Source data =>
[Start of section]

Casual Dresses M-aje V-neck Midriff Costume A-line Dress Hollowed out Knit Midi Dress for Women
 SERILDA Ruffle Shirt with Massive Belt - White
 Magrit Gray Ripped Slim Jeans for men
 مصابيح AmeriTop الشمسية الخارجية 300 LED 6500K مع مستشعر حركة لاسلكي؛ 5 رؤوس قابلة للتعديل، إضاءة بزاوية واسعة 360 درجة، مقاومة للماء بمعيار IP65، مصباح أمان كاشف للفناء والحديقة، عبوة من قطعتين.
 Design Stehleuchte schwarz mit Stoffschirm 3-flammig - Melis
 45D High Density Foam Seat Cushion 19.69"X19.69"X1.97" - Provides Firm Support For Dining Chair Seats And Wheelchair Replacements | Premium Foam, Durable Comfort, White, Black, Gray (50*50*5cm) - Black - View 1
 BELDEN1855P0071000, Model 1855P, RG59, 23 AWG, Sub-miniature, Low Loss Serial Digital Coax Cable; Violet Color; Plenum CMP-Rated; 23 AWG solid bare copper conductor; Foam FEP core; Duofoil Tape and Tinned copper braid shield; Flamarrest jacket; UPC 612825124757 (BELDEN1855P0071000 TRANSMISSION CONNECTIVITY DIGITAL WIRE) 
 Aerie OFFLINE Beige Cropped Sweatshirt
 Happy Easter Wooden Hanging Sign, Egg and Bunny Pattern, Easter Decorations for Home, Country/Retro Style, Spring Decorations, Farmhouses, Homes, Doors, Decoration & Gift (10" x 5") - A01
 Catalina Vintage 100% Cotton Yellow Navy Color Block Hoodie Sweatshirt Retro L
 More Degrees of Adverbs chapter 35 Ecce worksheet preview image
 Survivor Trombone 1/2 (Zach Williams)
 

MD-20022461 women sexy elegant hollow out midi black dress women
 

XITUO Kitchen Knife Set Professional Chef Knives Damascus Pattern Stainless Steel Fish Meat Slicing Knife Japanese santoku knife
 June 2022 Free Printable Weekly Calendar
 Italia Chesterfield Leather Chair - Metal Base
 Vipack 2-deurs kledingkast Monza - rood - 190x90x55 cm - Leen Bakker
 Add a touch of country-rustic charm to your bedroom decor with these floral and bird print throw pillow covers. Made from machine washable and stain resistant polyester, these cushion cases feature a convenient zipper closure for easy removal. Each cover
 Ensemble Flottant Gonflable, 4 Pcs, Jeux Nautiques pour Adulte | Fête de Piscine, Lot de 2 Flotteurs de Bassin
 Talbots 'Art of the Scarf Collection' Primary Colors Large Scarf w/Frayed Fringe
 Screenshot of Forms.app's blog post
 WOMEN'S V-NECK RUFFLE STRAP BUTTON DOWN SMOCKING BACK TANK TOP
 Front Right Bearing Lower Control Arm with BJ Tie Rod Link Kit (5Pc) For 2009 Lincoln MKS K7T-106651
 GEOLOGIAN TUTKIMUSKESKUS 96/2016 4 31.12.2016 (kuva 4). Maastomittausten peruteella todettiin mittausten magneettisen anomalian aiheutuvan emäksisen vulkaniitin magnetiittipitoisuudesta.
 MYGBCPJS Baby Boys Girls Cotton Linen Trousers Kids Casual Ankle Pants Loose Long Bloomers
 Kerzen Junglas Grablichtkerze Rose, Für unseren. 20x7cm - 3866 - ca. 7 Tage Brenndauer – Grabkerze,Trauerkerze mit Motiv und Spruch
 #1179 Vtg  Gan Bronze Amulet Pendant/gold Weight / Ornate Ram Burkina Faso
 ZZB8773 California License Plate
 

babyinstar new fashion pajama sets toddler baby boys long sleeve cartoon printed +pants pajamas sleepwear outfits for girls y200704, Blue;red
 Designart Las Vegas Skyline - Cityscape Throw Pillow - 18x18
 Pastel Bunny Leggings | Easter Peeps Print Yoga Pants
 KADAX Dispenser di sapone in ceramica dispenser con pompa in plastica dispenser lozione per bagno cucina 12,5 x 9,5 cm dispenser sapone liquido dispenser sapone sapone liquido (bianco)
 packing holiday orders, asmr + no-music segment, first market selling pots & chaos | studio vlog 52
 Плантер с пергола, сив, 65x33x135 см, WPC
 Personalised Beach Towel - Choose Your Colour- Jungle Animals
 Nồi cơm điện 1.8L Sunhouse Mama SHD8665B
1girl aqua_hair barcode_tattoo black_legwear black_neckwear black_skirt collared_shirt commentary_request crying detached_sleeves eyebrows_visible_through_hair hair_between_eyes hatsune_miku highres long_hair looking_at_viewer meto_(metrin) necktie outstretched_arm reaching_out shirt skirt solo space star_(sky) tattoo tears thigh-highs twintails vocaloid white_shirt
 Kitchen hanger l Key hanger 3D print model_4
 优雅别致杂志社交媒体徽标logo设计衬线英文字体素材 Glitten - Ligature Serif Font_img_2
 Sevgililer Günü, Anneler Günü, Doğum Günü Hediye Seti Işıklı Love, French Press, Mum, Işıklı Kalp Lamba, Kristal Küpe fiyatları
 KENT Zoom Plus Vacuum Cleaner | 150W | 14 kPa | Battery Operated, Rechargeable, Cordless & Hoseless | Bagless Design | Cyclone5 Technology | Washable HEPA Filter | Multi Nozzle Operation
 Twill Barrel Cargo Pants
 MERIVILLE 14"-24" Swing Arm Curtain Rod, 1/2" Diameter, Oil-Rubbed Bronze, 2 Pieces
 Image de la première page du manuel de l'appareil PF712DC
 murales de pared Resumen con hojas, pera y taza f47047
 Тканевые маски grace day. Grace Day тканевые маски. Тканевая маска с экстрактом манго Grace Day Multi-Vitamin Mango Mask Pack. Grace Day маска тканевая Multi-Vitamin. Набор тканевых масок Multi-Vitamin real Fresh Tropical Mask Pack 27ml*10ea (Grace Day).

[End of section]

Among the entries above, how many lines include "Bunny"? State the number and nothing else.

OUTPUT OF THE TASK => 2